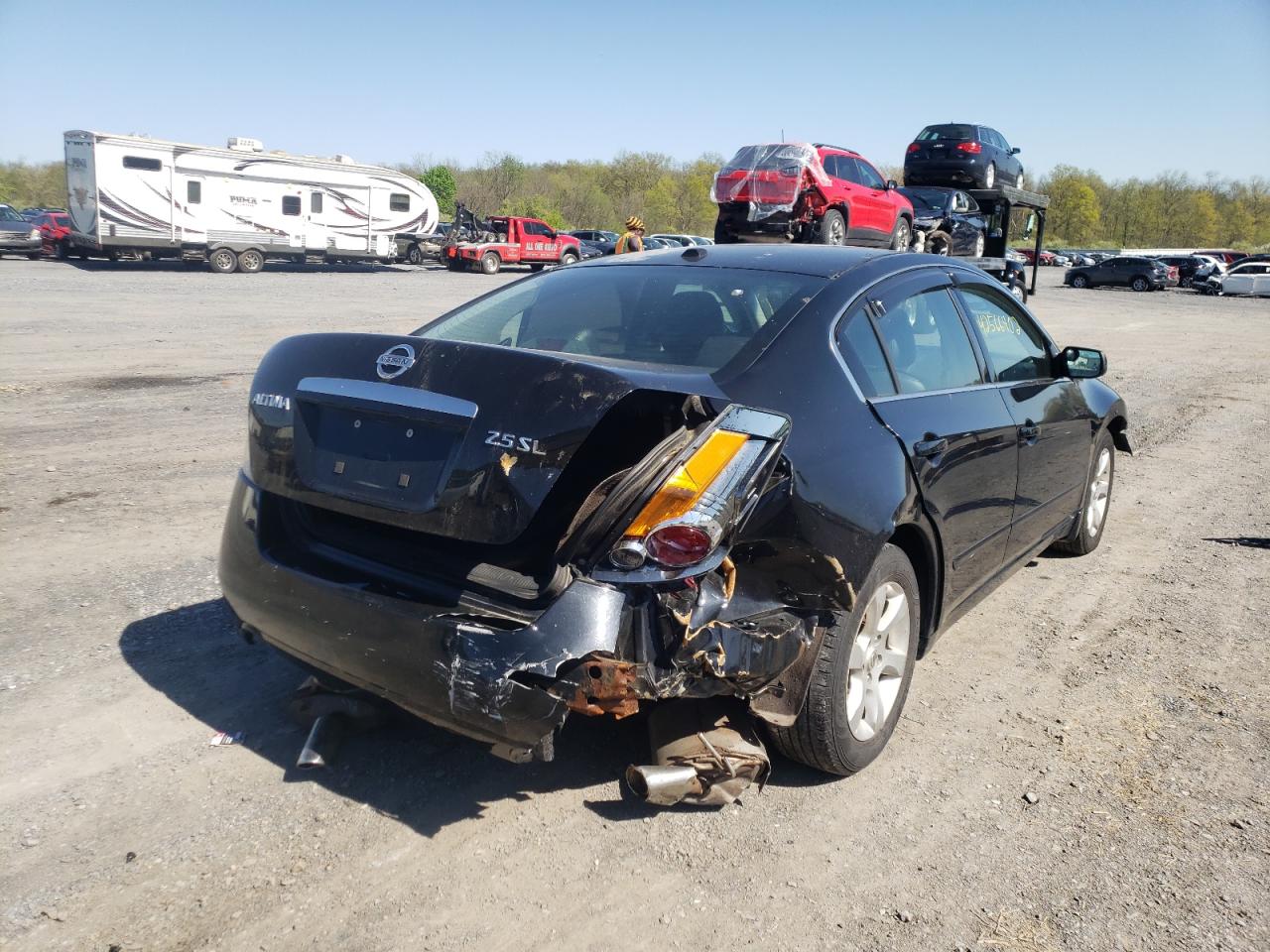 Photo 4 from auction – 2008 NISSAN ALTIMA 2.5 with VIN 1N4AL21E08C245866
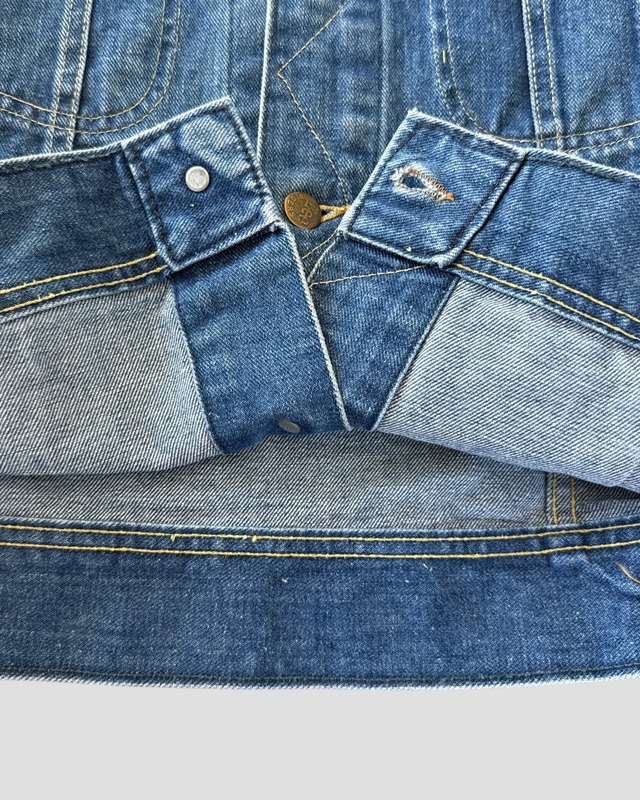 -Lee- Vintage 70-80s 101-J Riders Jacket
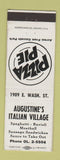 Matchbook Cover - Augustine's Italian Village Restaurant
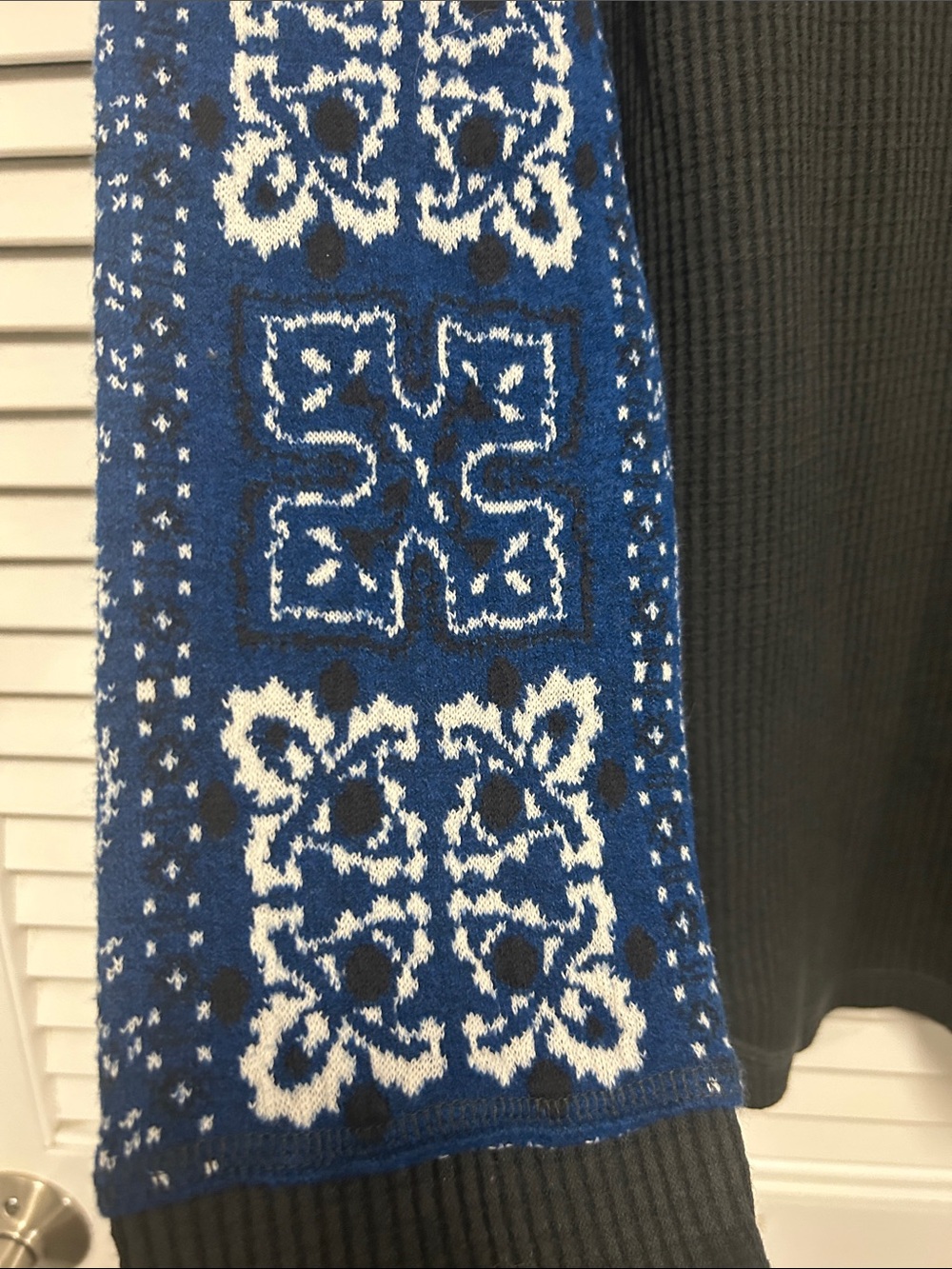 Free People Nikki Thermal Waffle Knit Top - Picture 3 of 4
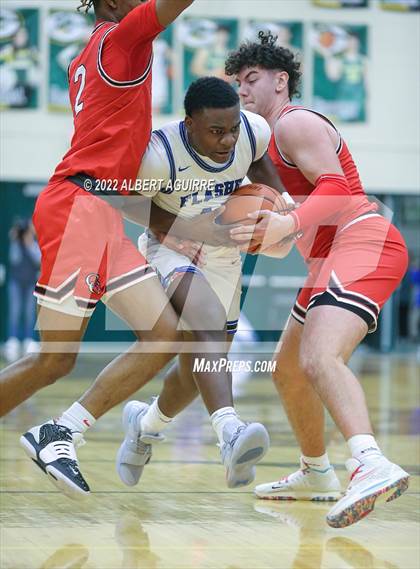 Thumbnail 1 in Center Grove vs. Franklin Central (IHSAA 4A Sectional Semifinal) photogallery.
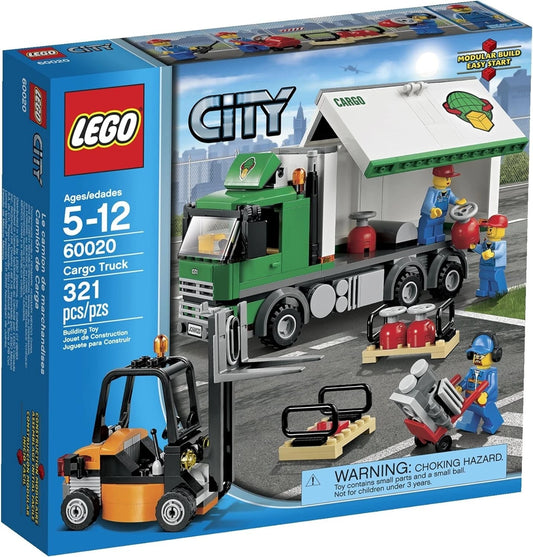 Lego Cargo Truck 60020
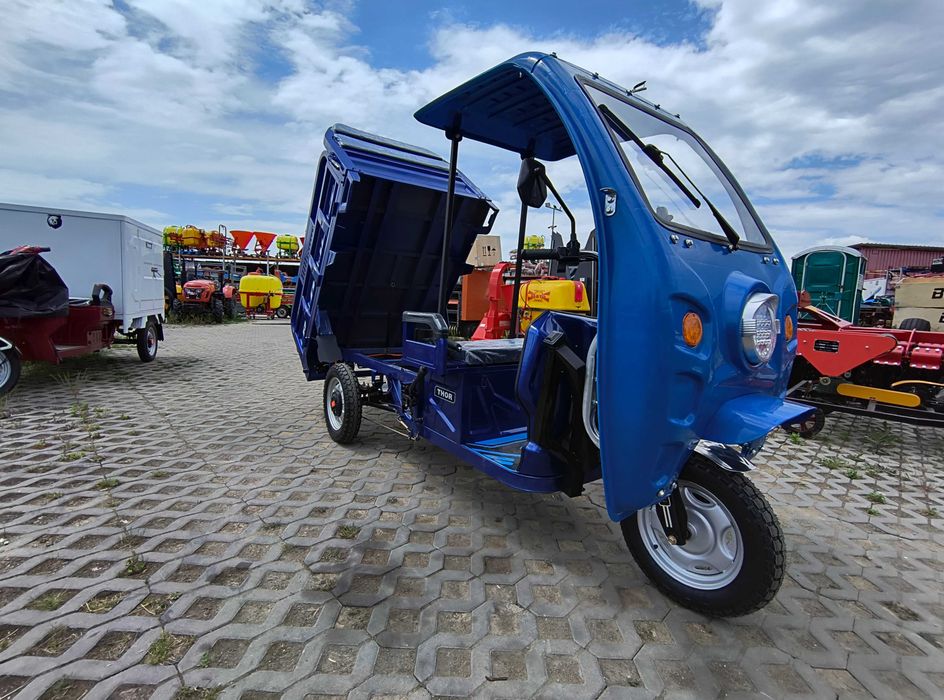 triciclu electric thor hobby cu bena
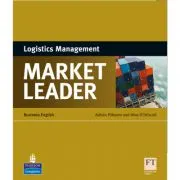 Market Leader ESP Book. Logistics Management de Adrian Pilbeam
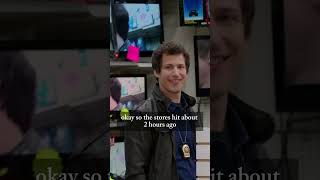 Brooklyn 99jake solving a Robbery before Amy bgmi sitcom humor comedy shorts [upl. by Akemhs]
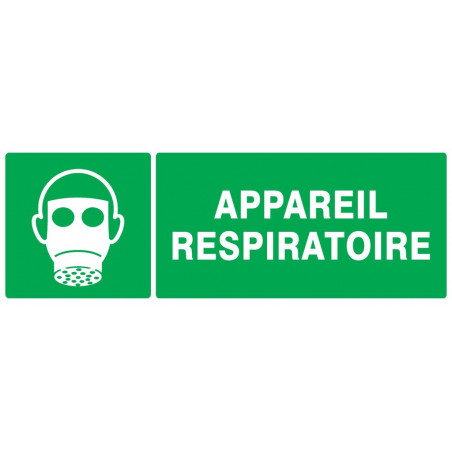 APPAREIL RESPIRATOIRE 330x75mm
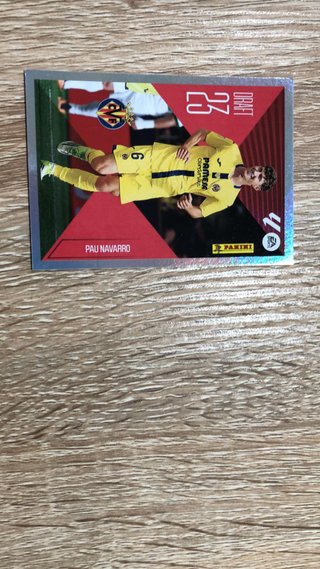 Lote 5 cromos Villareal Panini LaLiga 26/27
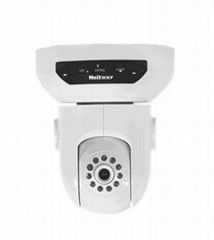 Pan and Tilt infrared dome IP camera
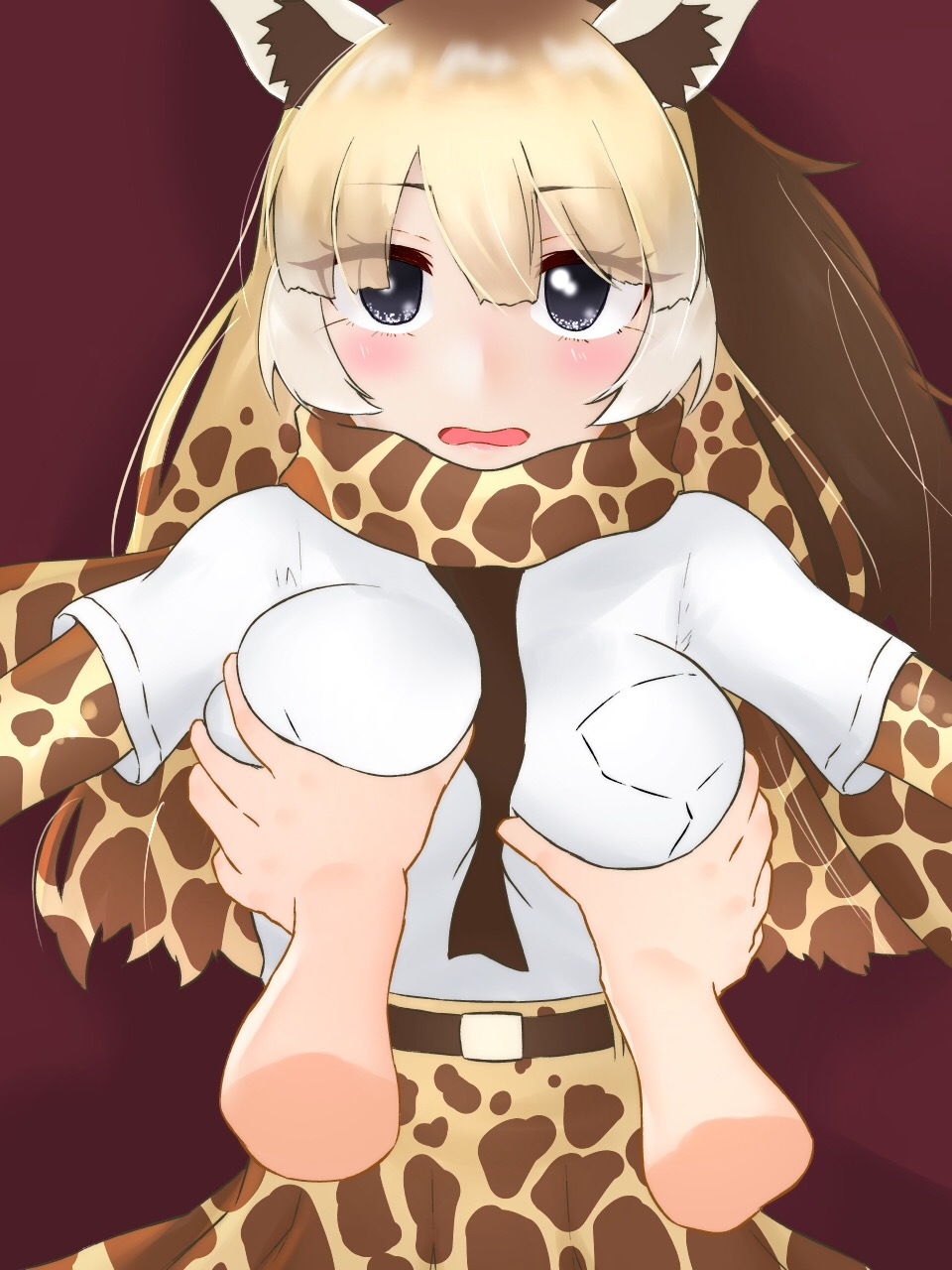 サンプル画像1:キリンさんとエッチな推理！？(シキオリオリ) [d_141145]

GOAL OF THE EXERCISE: Down to the last line, set down the data above exactly, and omit all images.

EXPECTED ANSWER:
 Photo 4 from auction – 2008 NISSAN ALTIMA 2.5 with VIN 1N4AL21E08C245866
 -Lee- Vintage 70-80s 101-J Riders Jacket
 Matchbook Cover - Augustine's Italian Village Restaurant
 Free People Nikki Thermal Waffle Knit Top - Picture 3 of 4
 Thumbnail 1 in Center Grove vs. Franklin Central (IHSAA 4A Sectional Semifinal) photogallery.
 Lego Cargo Truck 60020
 triciclu electric thor hobby cu bena
 Market Leader ESP Book. Logistics Management de Adrian Pilbeam
 Brooklyn 99jake solving a Robbery before Amy bgmi sitcom humor comedy shorts [upl. by Akemhs]
 APPAREIL RESPIRATOIRE 330x75mm
 Lote 5 cromos Villareal Panini LaLiga 26/27
 Pan and Tilt infrared dome IP camera
 サンプル画像1:キリンさんとエッチな推理！？(シキオリオリ) [d_141145]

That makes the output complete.